I have no need for anything else. I understand its a woeful under-utilization of the tool. Whats the best way to fulfill my scenario, in terms of setting up the tool?

  • I dont know whether i am correct or wrong in answering this question but to my understanding this is what i came up with hope it is helpful,
    if the sid history is not set then you need to do following things
    1) Disable SID filtering and enable the trust between the source and target domain
    2) Remigrate the objects using the tool then you can easily populate the SIDHistory

    Note: The powershell commands should enable sid history and quarantine is set to no

    finally do this After this migrate a user account or right click on existing user migration session and perform it again and this time select merge option (you selected never merge skip option first i believe).

    Thank u
  • Hi,
    Thanks for your input, but unfortunately this is not what I am looking for.
    I CANNOT put a Trust in place.

    All I need to do is : Write SID.John.Old.Domain into the SIDHistory attribute for John.new.domain
  • With Migration manager for AD, all you have to do is check the box and sidhistory will migrate. Migration Manager for AD supports Trustless migration. All the trust does is allow sidhistory to be used to access resource in the source. It has not bearing on if the tool can write it. How useful it will be once written is another question.

    So to configure the domain pair, the source will use an account from the source and the target will use account from the target. The target account will have to be a member of the Target "Administrators" group to install and use the agent that migrates sidhistory. Once that is done, a migration session or directory sync can set Sidhsitory when the check box is checked. If you get an error, review the log and query the error at support.quest.com
  • Jeff, can this trustless migration be done "offline" - i.e. for staging prior to the establishment of connectivity between domains or must this be executed with connectivity between domains?  I'd presume the latter?  I guess, IOW, is it possible to take the SID history from source and sneakernet it to the target domain and apply it to existing security principals in the target domain?
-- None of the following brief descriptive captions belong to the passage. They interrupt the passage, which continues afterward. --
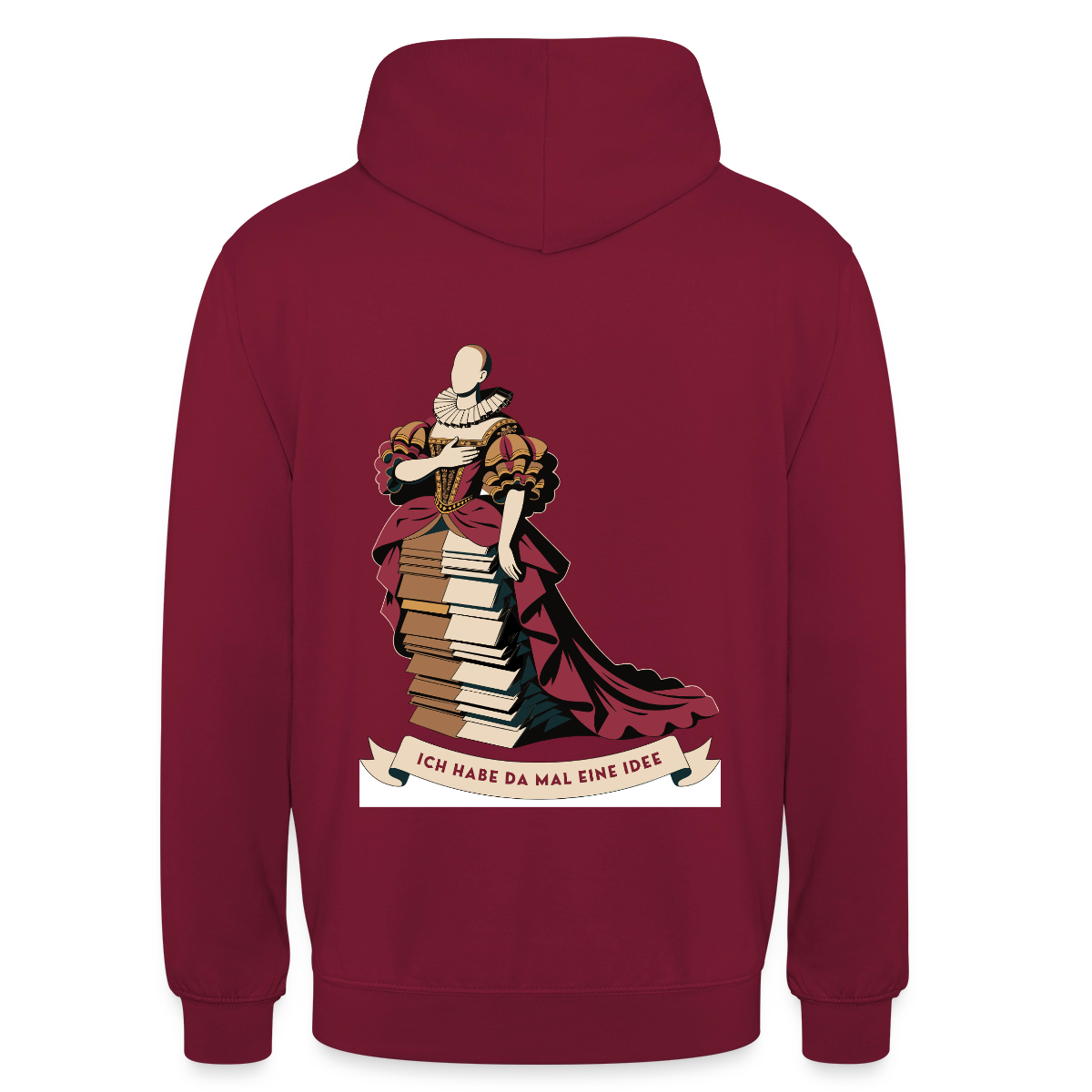 "Ich habe da mal eine Idee. Barock-Motiv" Motiv-Hoodie unisex, Farbe Bordeaux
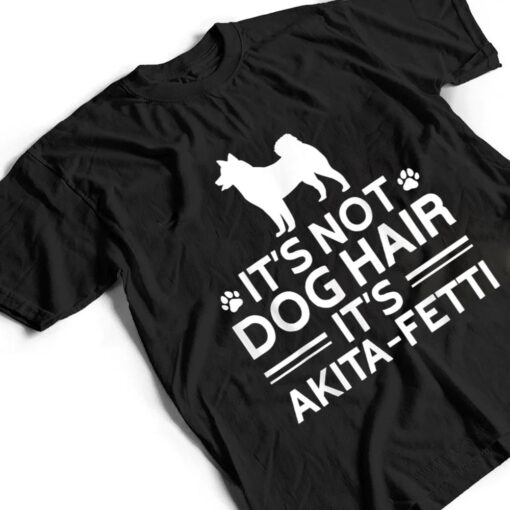 It's not Dog Hair It's Akita Fetti, American Akita Inu T Shirt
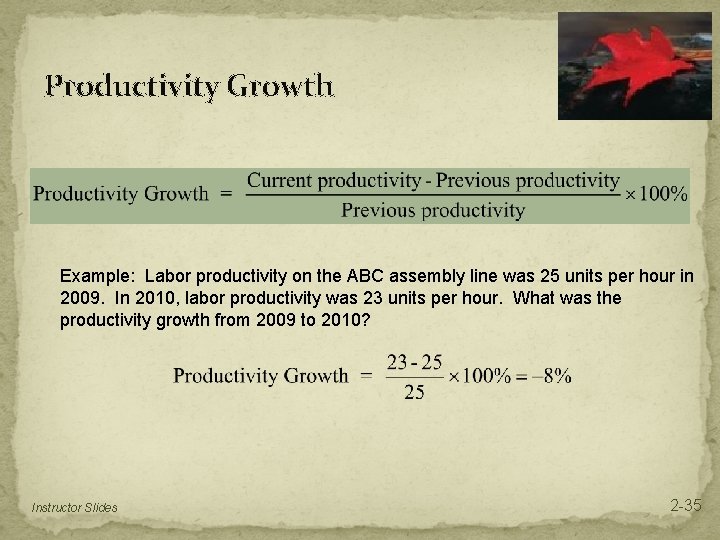 Productivity Growth Example: Labor productivity on the ABC assembly line was 25 units per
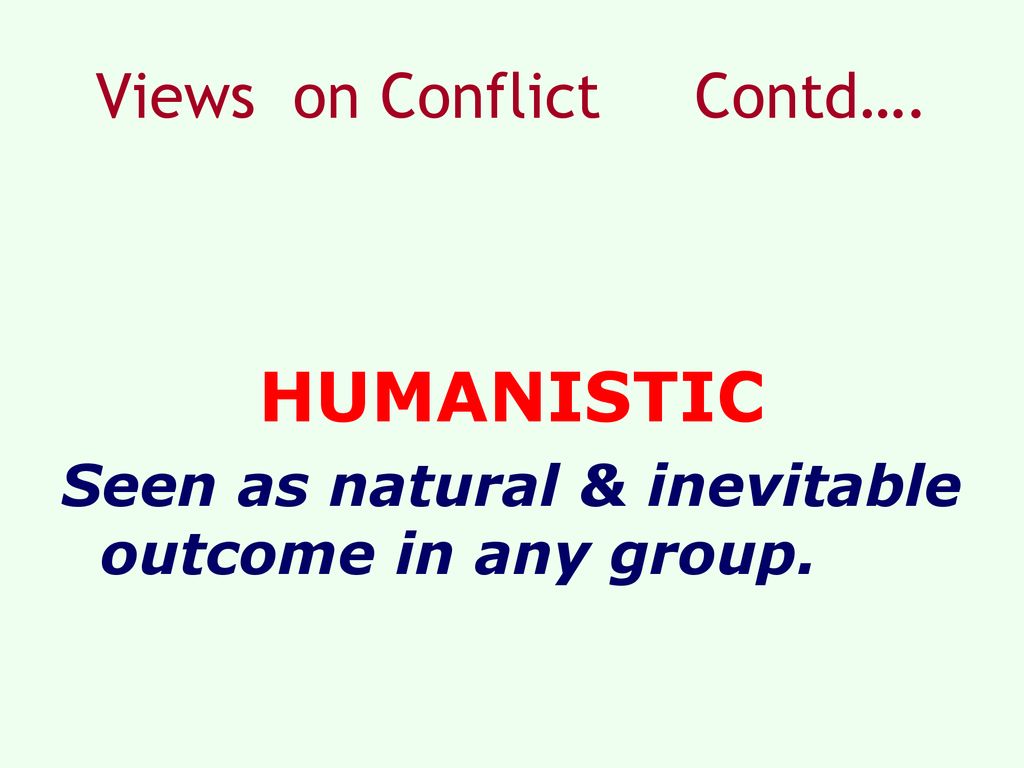 Views on Conflict Contd….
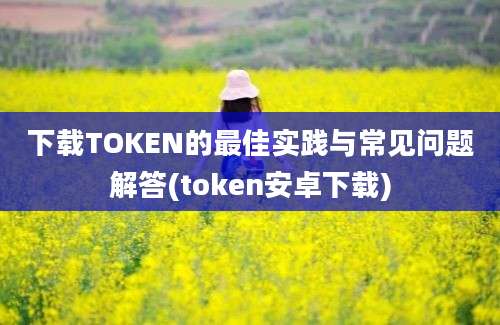 下载TOKEN的最佳实践与常见问题解答(token安卓下载)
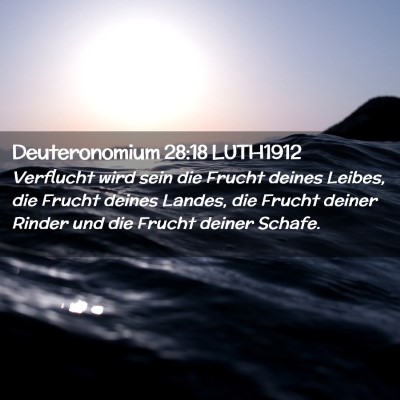 Picture 02 - Deuteronomium 28:18 LUTH1912 - Verflucht wird sein die Frucht deines Leibes, die - Bible Verse Picture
  • No, and Yes. The Directory Sync Agent (DSA) connects directory to both domain controllers at the same time. So that is the NO. 

    Now you could do a two hop migration, Source to Stage, sneaker the Stage DC to Target. Then migrate Stage to Target. Then you could run Active Directory Processing Wizard (ADPW) to remove the Stage SIDs from sidHistory. 

    Now I don't see a reason to do what you are asking as sidhistory is know to cause some well known applications issues once the trust is in place. So having the sids in the directory is going to deliver what functional? 

  • Thanks, Jeff.   

    Yeah, don't disagree that having the SIDs without connectivity and trust is useless.  Kind of in a similar situation and peculiar circumstances as the OP.

    Let me follow where I failed to articulate originally.  

    Would we have the ability to write Source SID on EXISTING ID's in target domain, non-destructively to those existing target IDs?  Our peculiar situation is that new identities have been provisioned in the target domain way before we ever thought of integrating them properly.  We're looking for the ability to write sidHistory from the source domain onto those existing IDs without having to burn them down and start over...  Any precedent here?